The Office of the Australian Information Commissioner (OAIC) and CSIRO's Data61 have published a framework that aims to assist organisations to de-identify data appropriately and put strategies in place to recover should a data breach occur.
The De-Identification Decision-Making Framework comprises 10 components under three sub-headings, with the first requiring an organisation to assess its data situation and conduct an audit. The second asks the organisation to conduct a risk and control analysis, while the last calls on those holding any form of data to determine how it would effectively manage the sharing of data.

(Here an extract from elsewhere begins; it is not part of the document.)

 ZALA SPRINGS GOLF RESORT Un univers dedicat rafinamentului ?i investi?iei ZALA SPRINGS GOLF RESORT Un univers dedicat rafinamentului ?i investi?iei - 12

In the foreword penned by Australian Information and Privacy Commissioner Timothy Pilgrim, de-identification is described as one potential solution to the problem sharing data creates, noting that when done properly, it allows data to be shared or released in ways that protect individual privacy, and which may not otherwise be permitted under privacy legislation.

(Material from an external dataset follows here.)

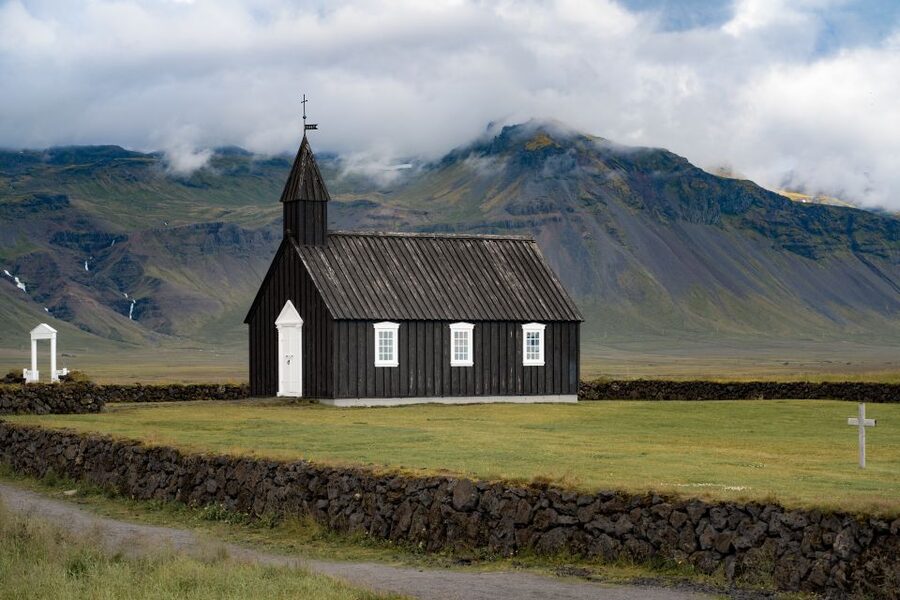 Reykjavik: Snaefellsnes & Mt. Kirkjufell Guided Minibus Tour - Key points to know before booking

"While a growing body of de-identification literature has been appearing for some decades now, de-identification practice remains fairly inconsistent, and at times, unfortunately lacking in rigour," Pilgrim wrote.
"The use or release of poorly de-identified data gives rise to a range of serious privacy and other risks for affected data subjects. It also exposes an organisation to significant legal and reputational risks."

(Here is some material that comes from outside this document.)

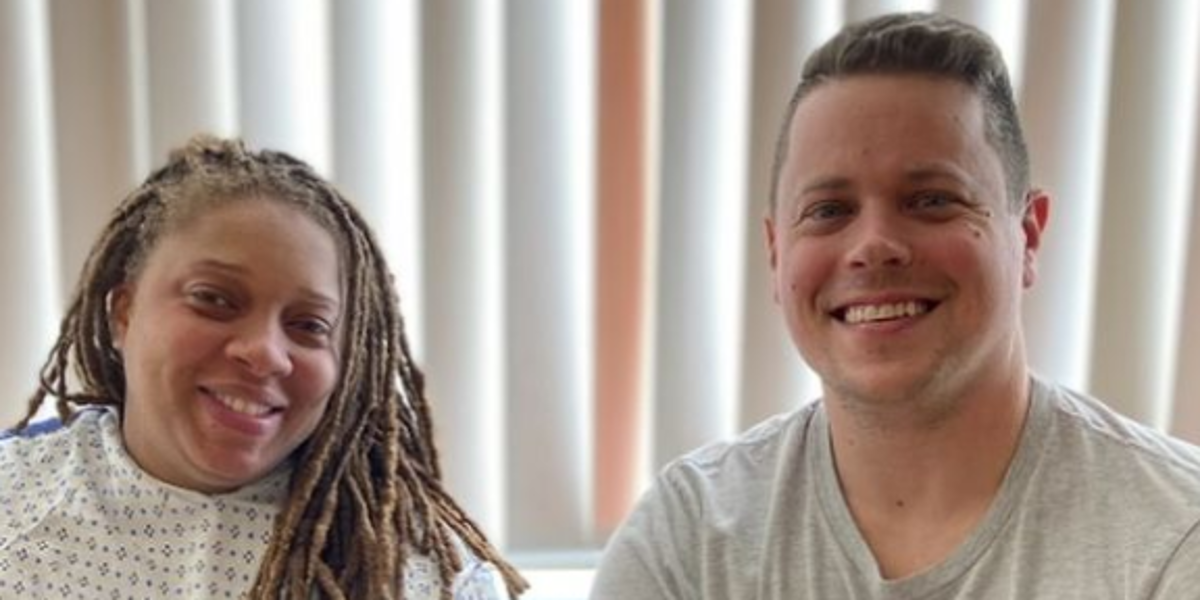 Los gemelos de una pareja de EE.UU. nacieron en diferentes años, uno en 2023 y otro en 2024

Aiming to make data more available while also subject to appropriate safeguards, the purpose of the framework [PDF] is to "empower organisations to understand what is involved in a de-identification process", as well as to help organisations identify, evaluate, and balance the resulting risks.
"The fundamental premise underpinning the framework is that re-identification risk must be assessed contextually," said Pilgrim, who revealed last month that he would be probing government agencies on their commitments under the Privacy Act over the coming year.
The first banner under the framework, data situation audit, is essentially a framing tool for understanding the relationship between the data held and its environment.
The first component asks organisations to be aware of what it stores and where. In regard to the Privacy Act, the next piece asks the organisation to assess whether the data is personal information or de-identified data, and, if it is the latter, to determine what controls need to be in place to ensure it remains de-identified.
The data audit also asks the organisation to be across what is precisely stored, and to determine the "who, what, where, and how" of its data while maintaining the organisation's ethical obligations.
Under disclosure risk assessment and control, the framework asks organisations to identify the processes it needs to undertake to assess both its risk and control requirements, recommending pen-testing as one method to determine whether the correct safeguards are in place.
Meanwhile, impact management puts in place a plan for reducing the impact of an unintended disclosure, should it happen, with the framework asking organisations to identify any third parties or customers that such action could affect, and plan how communication to them will play out.
Should information be unintentionally released, component nine of the framework recommends that organisations plan for what happens next.
If the above procedures go wrong, the final component says it is essential to put in place mechanisms that can help deal with a breach, such as having a strong audit trail, a crisis management policy, and adequately trained staff.
The framework comes as Australian organisations and governments prepare for the looming data breach notification laws, which will come into play from February 2018.
Under the Privacy Amendment (Notifiable Data Breaches) Act, incidents involving personal information, credit card information, credit eligibility, and tax file number information that would put individuals at "real risk of serious harm" are to be disclosed.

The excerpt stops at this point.